Com muita pena nossa, não pudemos acompanhar o Fantasporto da forma que gostaríamos, como fizemos para outros festivais. Em jeito de contrição, decidimos destacar uma das obras a concurso, um filme de que se tem falado muito por esse mundo fora, como se verá, com toda a razão. Da mesma maneira que o Fantas já não é bem um festival (só) de terror também Berberian Sound Studio (2012) se afasta do género, embora se sirva dele e dos seus códigos. E, contas feitas, assuste mais do que boa parte dos objectos mais puros.
De terror terror é Il Vortice Equestre, o filme que nunca se vê, aquele que um incauto engenheiro de som inglês vem sonorizar a Itália, história de bruxas a lembrar as de Dario Argento, um giallo à antiga. Aliás, tudo traz à memória o período dourado do terror italiano; a época de Berberian Sound Studio é essa, uns pastosos e mortiços anos 70 (muito bem encontrados na fotografia e personificados pelo protagonista, interpretado pelo excelente Toby Jones, muito bem posto e composto, a antítese da fanfarronice italiana), em que todo o processo de pós-produção sonora – a gravação dos diálogos, dos passos, dos gritos, das facadas em melancia que soam a um corpo a ser esventrado, a manipulação dos sons – é feito analogicamente. E há um prazer enorme de Peter Strickland, o realizador do filme, em mostrar este trabalho moroso e metódico, executado com um equipamento antiquado aos olhos de hoje; melhor, há algo de sensual, fetichista na maneira como são filmados os microfones, as mesas de mistura, as bobines. Até a banda-sonora dos Broadcast emula as que os Goblin fizeram para tantos filmes de Argento e as de outros músicos da altura (veja-se e ouça-se o genérico do filme dentro do filme).
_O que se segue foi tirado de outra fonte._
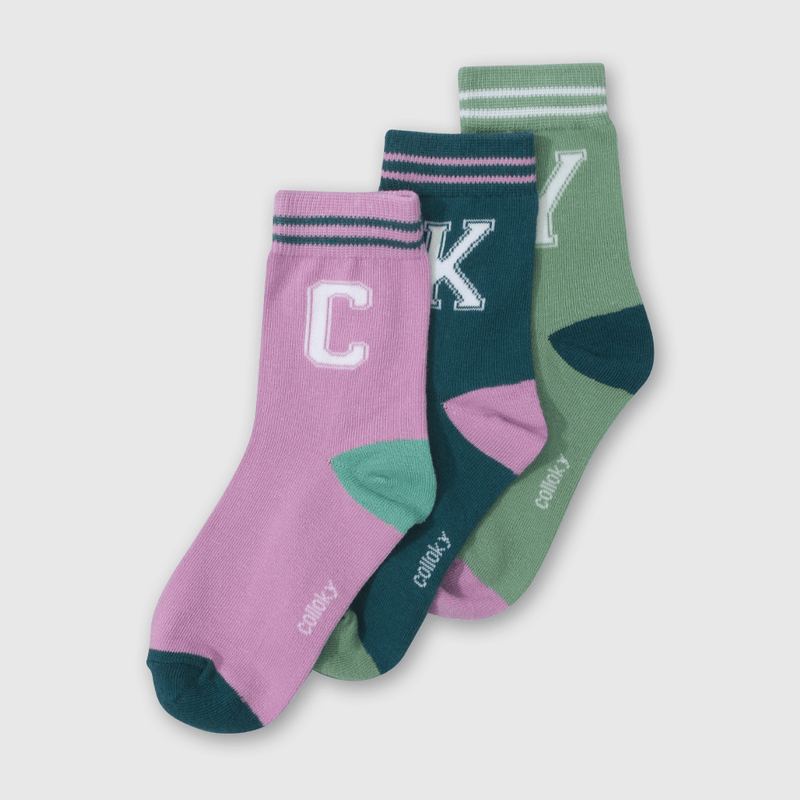 C3PE0670I24_1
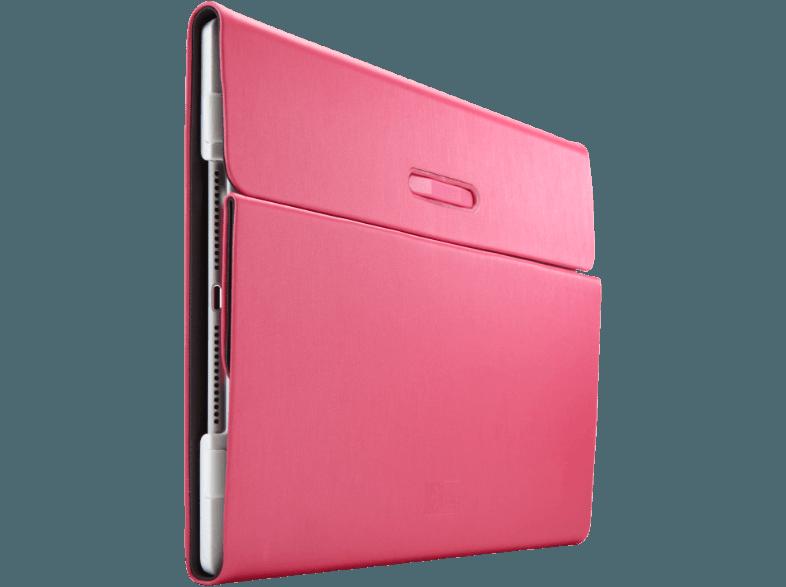 CASE-LOGIC CRIE2139PI Rotating Slim Umschlaghülle iPad Air 2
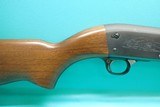 Ithaca Model 37 16ga 2-3/4"Shell 28"bbl Pump Shotgun 1959mfg ***SOLD** - 3 of 21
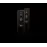 Sonus Faber Olympica II Wenge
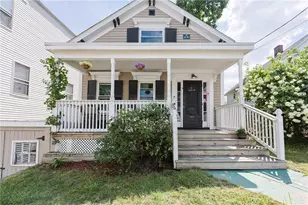 100 Prospect St, Woonsocket, RI 02895 - Photo 1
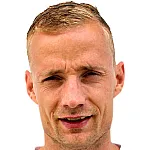 Jirí Jarosík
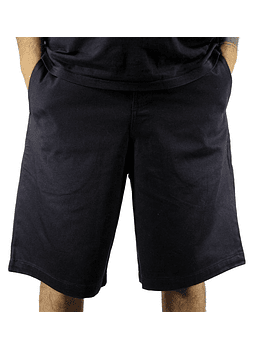 Walkshorts DC Fairway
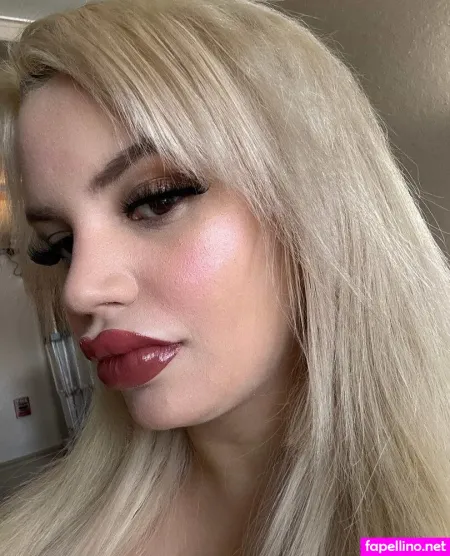 Chloe Da Model OnlyFans Thumbnail #cdcuJ2eWo9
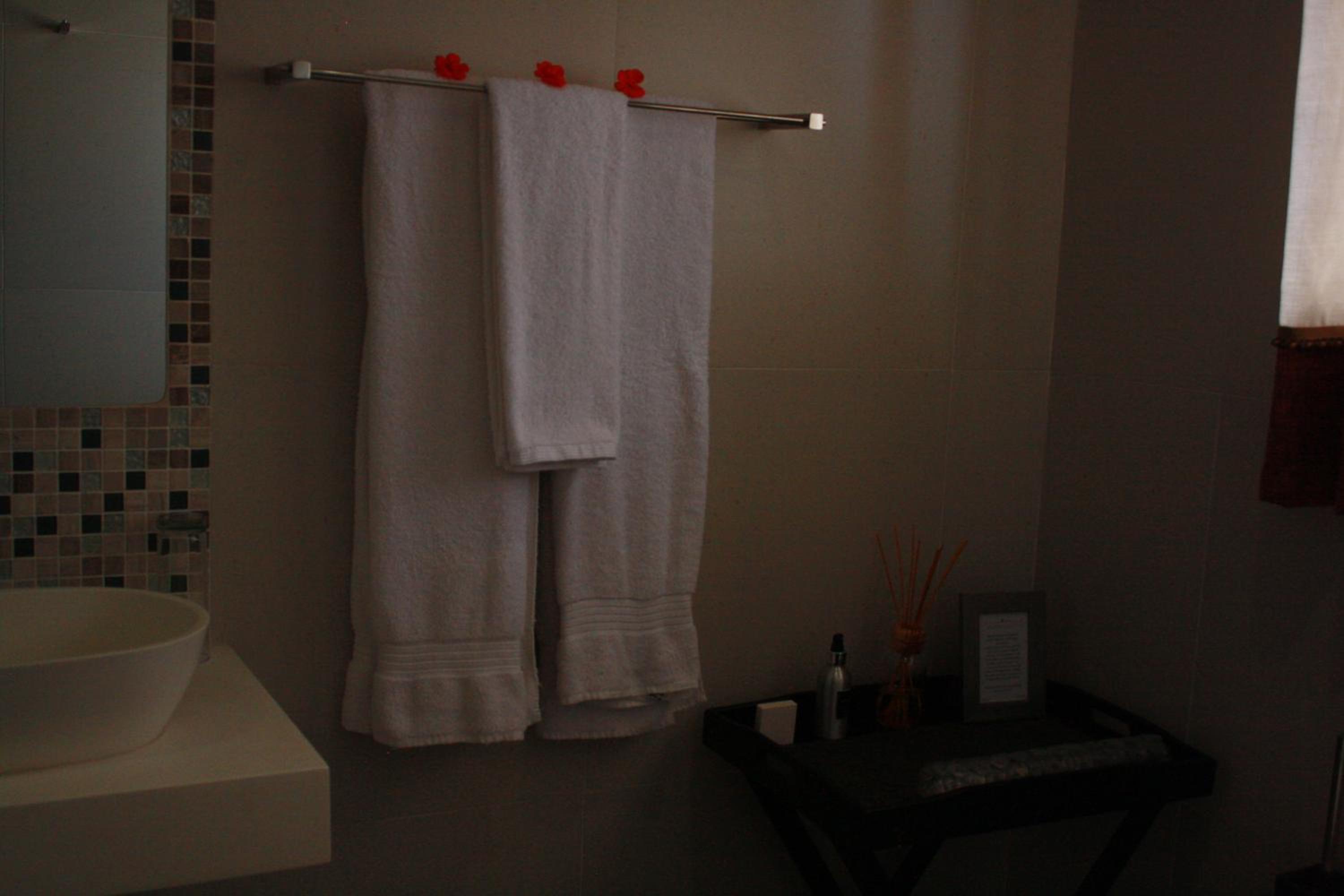 Deluxe Studio - Self Catering photo 2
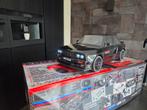 FTX EVO 30 Onroad Drift Auto - Zo goed als nieuw!, Zo goed als nieuw, Schaal 1:10, Auto onroad, RTR (Ready to Run)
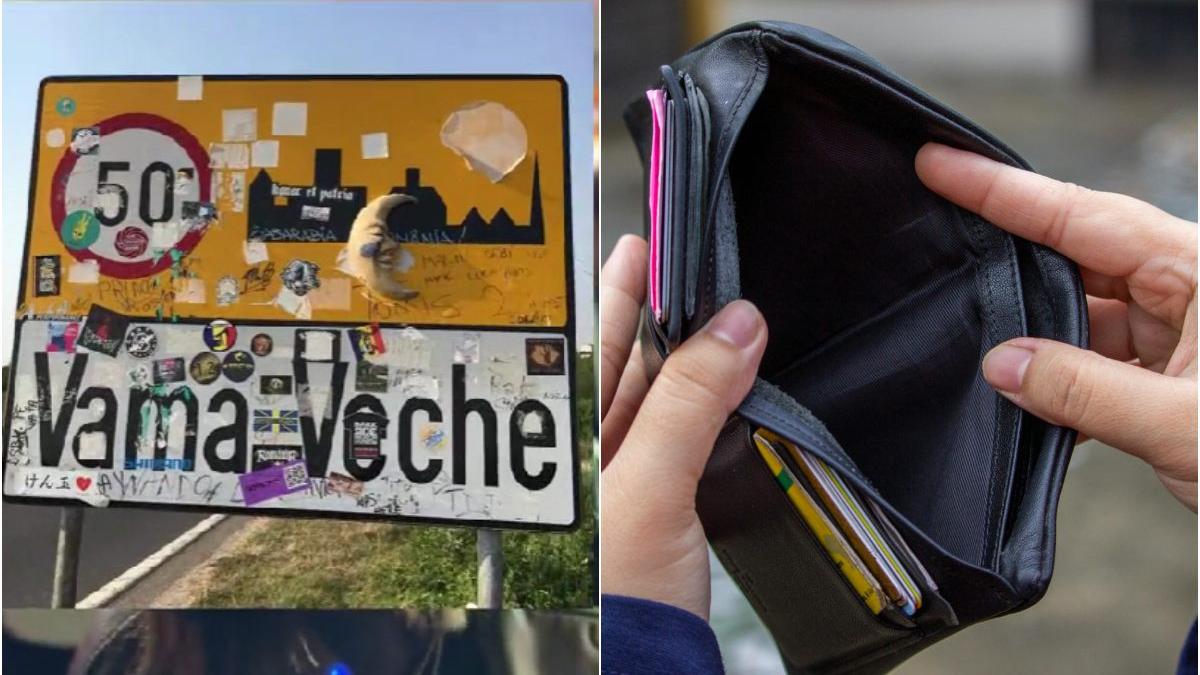 preturi mari vama veche minivacanta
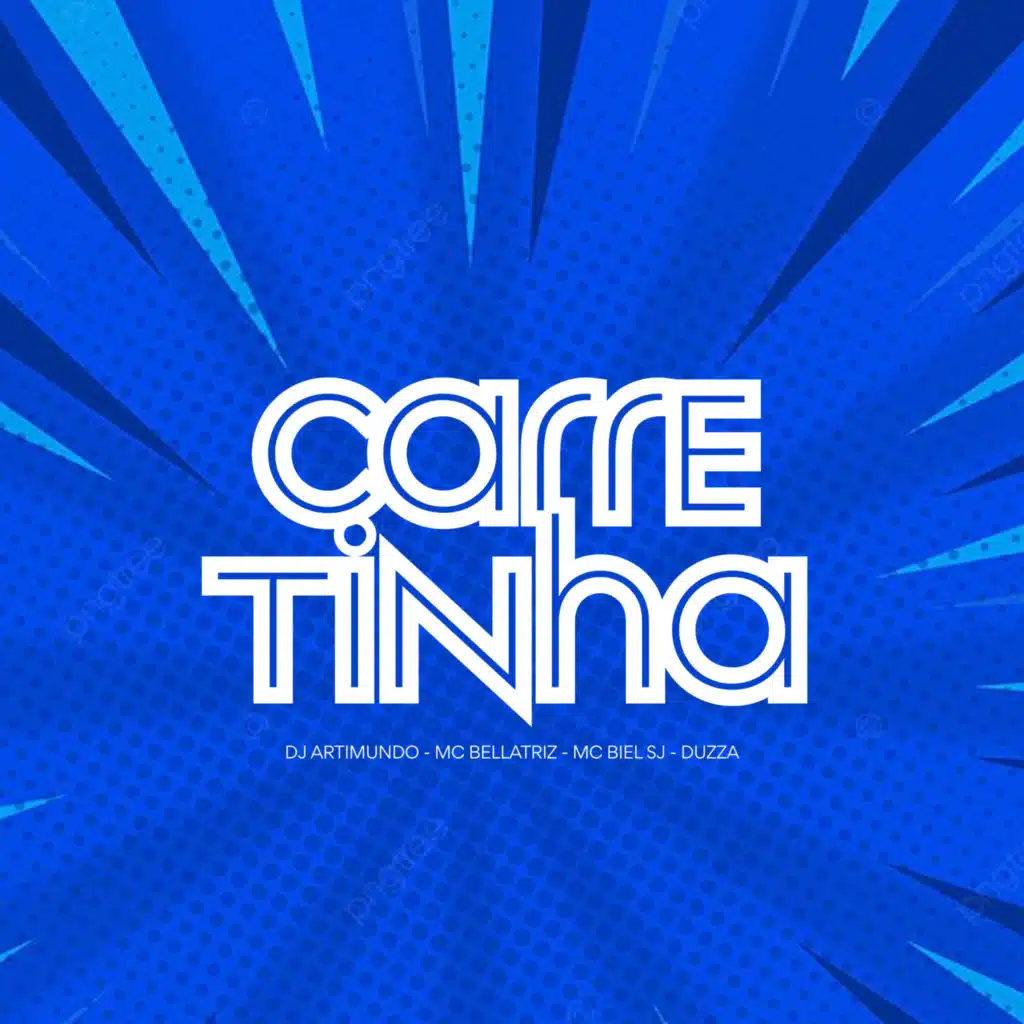 Carretinha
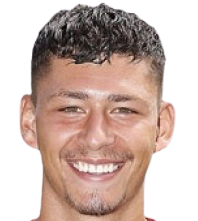 https://img.qd-xb.com/img/football/player/82bb165542bdf3cec94745a11b0574ca.png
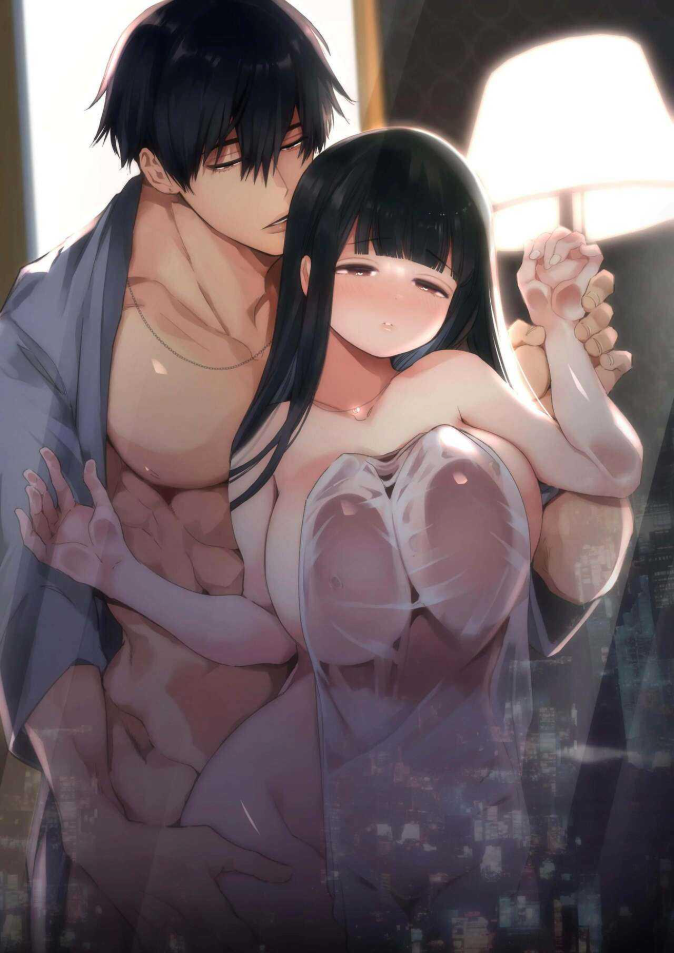 ใจดวงน้อยคล้อยไปกับเมืองใหญ่ [Yatomomin (Yamamoto Tomomitsu)] Mayu-chan NTR ~Daigaku Shingaku no Tame Joukyou Shita Kanojo ga Onzoushi ni Tsukamari Dekiai Sarete Shimatta~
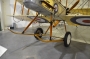 vickers-gunbus-4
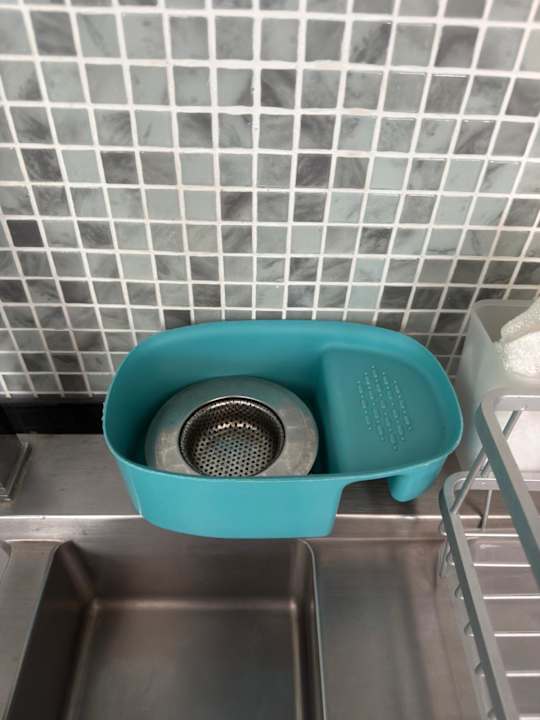 Sonstiges Luxury 3BR Villa Wallaya with Private Pool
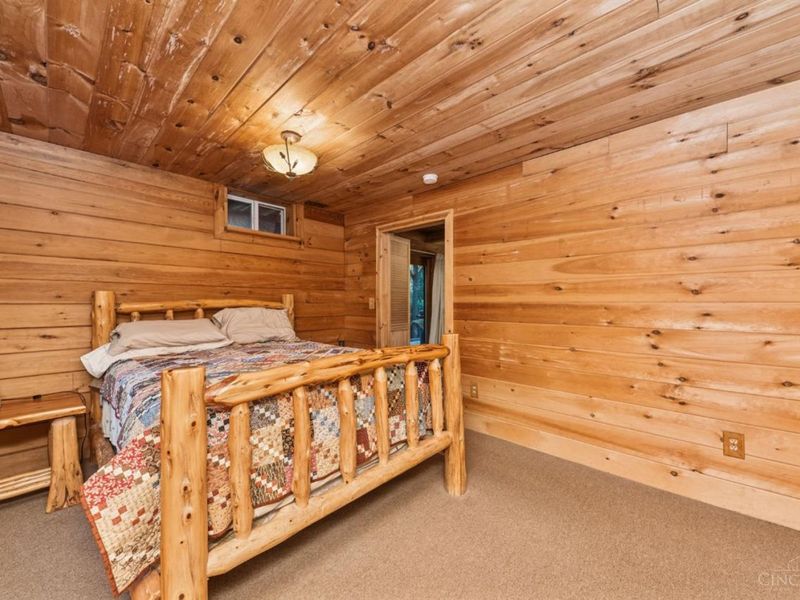 398 St Rt 133, Franklin Twp, OH 45120 Photo 38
Não se pense, porém, que Berberian Sound Studio se fica pela recriação exemplar de um certo cinema de um dado tempo. Nesse sentido, não é o habitual filme de época que se compraz em mostrar como era e como se fazia, parece antes habitado pelos fantasmas desse mundo (a que se junta uma triste coincidência: o facto da voz de Trish Keenan, a vocalista dos Broadcast, ser literalmente a voz de uma morta), como se Il Vortice Esquestre escorresse do ecrã e permeasse a cabeça do protagonista e, assim, o filme actual, o de 2012, o que espectador vê agora. Berberian Sound Studio centra-se em absoluto no ponto de vista de Gilderoy, o britânico tímido e cordato que se vê metido entre italianos de temperamento irascível, bastantes venais, com os quais tem tremenda dificuldade em lidar (atente-se na situação recorrente do pedido de reembolso do bilhete de avião ou na guerra surda com o velho funcionário do estúdio), um homem que ainda escreve cartas à mãe, a sua melhor amiga, cuja mente começa a ter problemas em distinguir a realidade do irreal, do sonho, do filme em que trabalha.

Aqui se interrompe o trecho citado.